Goldman has been quick to push back on Smith’s claims, portraying him as just a disgruntled employee. Some employees told Fox Business’ Charlie Gasparino that Smith doesn’t know what he’s talking about because he “never made more than $750,000 a year.”
And of course, the financial press has begun reporting anonymous attacks on Smith, quoting “people familiar with the matter” saying that Smith was angry with the size of his bonus and his lack of promotion:
– The Wall Street Journal reported that “people familiar with the matter” said that Smith is just miffed that his bonus was small: “The circumstances of Mr. Smith’s departure aren’t entirely clear. When Goldman doled out annual bonuses earlier this year, Mr. Smith’s small payment became a point of friction, according to people familiar with the matter.”

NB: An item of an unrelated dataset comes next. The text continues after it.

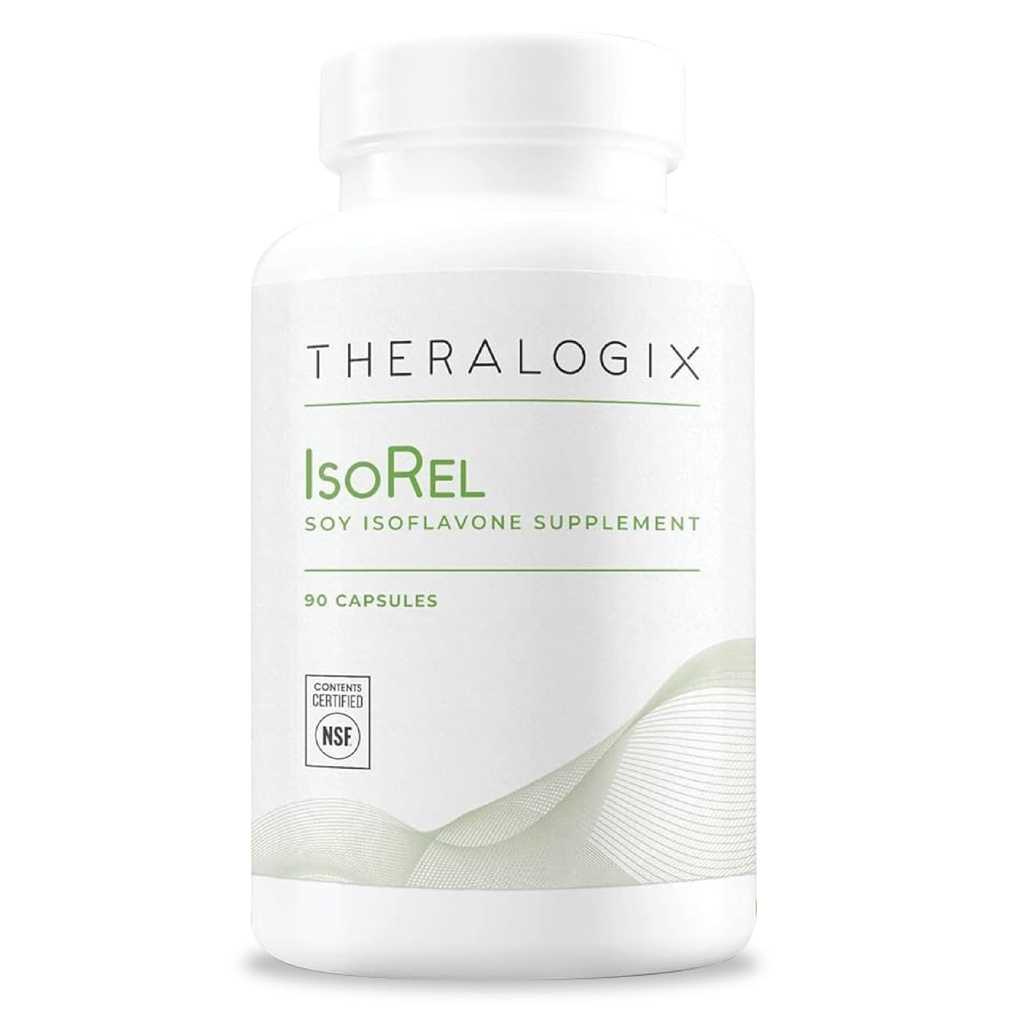 Theralogix IsoRel Koko soijauute täydennysosa - 90 päivän toimitus - vaihdevuodet Tuki Aid Hot Flashs - Eturauhasen terveystuki miesten - NSF Certified - 90 kapselia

– Forbes’ Nathan Vardi wrote that Smith is just “having a midlife crisis“: “Smith is not the first person who wants to tell his former bosses to shove it. He is also not a whistleblower.”
The financial prognosticators at CNBC decided to mock Smith, saying that he would go form a media firm with Rolling Stone writer and staunch Goldman critic Matt Taibbi and the characters from Sesame Street. CNBC also compared Smith to Tom Cruise’s character in Jerry Maguire, airing the clip of that film when Cruise asks “who’s coming with me?” repeatedly, with no one actually going with him. Fox Business, meanwhile, insinuated that Smith just left because he didn’t get a promotion and was paid a small bonus.
Bloomberg’s William Cohan, author of “Money and Power: How Goldman Sachs Came to Rule the World,” said today that Smith is “now in the Witness Protection Program” due to his sure ostracism from Wall Street.